Di malam harinya, Si Muslim pemilik toko emas bermimpi, Hari Kiamat telah tiba, ia sangat kehausan dan sedih. Setelah melihat ke sekelilingnya, ia mendapati istana yang terbangun dari mutiara putih sedangkan pintu-pintunya terbuat dari batu yaqut merah. Ia segera berteriak dari luar; “Wahai pemilik istana, beri aku minum sedikit saja!” Lalu dijawab; “Ini sebenarnya istanamu kemarin hari. Setelah Kamu mengusir Si Fakir dengan hati perih, maka namamu dihapus dan dituliskan nama tetanggamu Si Yahudi yang menolong Si Fakir sebagai pemiliknya.”

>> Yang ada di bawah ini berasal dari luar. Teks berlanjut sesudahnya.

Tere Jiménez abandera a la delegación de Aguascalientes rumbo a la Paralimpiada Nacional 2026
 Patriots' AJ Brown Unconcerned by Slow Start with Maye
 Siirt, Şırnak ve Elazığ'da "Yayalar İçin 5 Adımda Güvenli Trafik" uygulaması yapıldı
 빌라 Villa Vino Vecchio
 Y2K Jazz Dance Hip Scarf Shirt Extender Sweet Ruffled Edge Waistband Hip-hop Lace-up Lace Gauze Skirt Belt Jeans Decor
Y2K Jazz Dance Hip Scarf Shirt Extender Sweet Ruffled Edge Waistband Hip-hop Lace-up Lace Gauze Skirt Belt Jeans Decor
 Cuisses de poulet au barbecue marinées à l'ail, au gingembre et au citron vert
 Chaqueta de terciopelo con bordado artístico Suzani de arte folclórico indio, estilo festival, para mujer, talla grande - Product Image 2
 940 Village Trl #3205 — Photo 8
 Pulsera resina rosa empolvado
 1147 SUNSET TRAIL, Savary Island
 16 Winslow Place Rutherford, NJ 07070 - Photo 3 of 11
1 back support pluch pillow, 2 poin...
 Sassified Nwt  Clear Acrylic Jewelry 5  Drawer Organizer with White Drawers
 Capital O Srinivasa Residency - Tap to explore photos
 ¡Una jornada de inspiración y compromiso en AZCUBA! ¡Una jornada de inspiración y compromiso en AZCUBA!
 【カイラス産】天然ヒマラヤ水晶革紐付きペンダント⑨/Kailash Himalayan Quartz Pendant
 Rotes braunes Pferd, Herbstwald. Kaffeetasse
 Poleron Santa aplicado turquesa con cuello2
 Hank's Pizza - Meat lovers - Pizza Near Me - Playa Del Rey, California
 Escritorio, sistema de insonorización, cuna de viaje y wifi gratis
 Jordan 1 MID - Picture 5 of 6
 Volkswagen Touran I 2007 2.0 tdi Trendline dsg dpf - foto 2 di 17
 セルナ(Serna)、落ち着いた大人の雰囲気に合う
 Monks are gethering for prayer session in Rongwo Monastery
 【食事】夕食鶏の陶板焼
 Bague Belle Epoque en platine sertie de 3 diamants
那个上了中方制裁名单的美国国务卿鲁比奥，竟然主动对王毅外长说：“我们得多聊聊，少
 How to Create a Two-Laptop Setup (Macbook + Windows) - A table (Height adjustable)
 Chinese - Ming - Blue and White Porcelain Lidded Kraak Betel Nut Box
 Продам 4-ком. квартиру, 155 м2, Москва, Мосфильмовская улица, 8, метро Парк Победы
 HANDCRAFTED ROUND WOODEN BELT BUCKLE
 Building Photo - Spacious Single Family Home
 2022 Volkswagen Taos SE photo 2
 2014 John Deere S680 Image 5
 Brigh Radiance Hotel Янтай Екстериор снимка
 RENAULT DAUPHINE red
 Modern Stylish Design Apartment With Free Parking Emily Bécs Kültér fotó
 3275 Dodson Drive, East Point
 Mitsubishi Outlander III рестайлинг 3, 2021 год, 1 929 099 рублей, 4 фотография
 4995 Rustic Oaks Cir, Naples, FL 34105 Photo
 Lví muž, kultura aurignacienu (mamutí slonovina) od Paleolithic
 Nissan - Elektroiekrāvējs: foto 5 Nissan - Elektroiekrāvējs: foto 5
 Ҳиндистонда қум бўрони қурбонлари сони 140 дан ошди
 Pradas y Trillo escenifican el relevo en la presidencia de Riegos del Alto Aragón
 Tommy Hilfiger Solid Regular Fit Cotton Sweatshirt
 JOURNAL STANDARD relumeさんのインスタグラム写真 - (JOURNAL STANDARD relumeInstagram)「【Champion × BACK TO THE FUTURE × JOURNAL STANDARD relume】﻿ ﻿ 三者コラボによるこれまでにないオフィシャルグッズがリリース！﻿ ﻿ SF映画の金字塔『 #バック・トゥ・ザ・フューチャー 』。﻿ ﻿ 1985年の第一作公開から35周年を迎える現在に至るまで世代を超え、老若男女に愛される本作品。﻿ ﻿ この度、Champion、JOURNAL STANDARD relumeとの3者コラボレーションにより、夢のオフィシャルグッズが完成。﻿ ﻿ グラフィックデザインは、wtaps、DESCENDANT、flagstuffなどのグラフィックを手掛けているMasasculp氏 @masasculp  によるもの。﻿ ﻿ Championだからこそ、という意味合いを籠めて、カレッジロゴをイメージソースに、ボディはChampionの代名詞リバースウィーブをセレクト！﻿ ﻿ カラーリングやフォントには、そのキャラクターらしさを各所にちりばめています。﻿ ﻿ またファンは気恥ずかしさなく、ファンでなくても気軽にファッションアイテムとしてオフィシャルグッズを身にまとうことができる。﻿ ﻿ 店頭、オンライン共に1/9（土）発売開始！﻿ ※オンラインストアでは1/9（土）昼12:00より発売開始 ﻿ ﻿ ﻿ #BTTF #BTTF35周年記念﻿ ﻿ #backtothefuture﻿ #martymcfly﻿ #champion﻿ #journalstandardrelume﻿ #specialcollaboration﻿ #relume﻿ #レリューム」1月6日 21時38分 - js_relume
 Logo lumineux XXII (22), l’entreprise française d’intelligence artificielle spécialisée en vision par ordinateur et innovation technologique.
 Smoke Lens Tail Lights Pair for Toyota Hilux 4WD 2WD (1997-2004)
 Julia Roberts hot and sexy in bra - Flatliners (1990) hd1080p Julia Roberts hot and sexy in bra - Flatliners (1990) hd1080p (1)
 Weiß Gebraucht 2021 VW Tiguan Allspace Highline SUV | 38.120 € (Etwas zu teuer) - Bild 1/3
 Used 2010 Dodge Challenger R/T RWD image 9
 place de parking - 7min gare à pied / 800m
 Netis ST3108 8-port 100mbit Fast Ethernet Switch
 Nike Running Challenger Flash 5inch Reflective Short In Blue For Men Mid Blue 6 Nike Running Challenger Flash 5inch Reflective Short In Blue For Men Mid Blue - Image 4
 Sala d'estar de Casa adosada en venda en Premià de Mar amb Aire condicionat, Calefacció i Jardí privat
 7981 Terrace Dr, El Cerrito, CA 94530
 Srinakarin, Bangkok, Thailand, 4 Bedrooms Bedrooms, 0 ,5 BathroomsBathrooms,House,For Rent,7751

Menyesal tiada guna, kekecewaan terus melanda. Pagi harinya Si Muslim yang bakhil itu menandatangi Si Yahudi dermawan untuk membeli pahala 10 dirham yang diberikannya kepada Si Fakir kemarin hari, dengan harga 10 kali lipatnya, yakni 100 dirham. Namun Si Yahudi bersikeras tidak akan menjualnya seraya menegaskan: “Demi Allah, aku tidak akan menjualnya, meskipun dibayar lebih dari 100 dirham, bahkan 100 dinar pun.”

Si Muslim pun penasaran, siapa yang memberitahu rahasia Hari Asyura ini kepada Si Yahudi, lantas ia menanyakannya; “Yang memberitahu kepadaku adalah Allah, Tuhan yang berfirman pada apapun yang akan diciptakan ‘Kun Fayakun, jadi maka jadilah’, dan Aku telah bersaksi bahwa tiada Tuhan Selain Allah Yang Maha Esa dan tiada sekutu bagi-Nya, dan Aku bersaksi Muhammad adalah hamba dan utusan-Nya,” terang Si Yahudi penuh haru mengiringi keislamnnya.

 

Hidayah Allah SWT adalah hak prerogatifnya. Tidak ada yang bisa memaksa ataupun mencegahnya. Jika Allah telah menghendaki, maka seketika itu akan terjadi. Jika tidak menghendaki terjadi, maka apapun dan bagaimanapun tidak ada yang bisa memaksanya.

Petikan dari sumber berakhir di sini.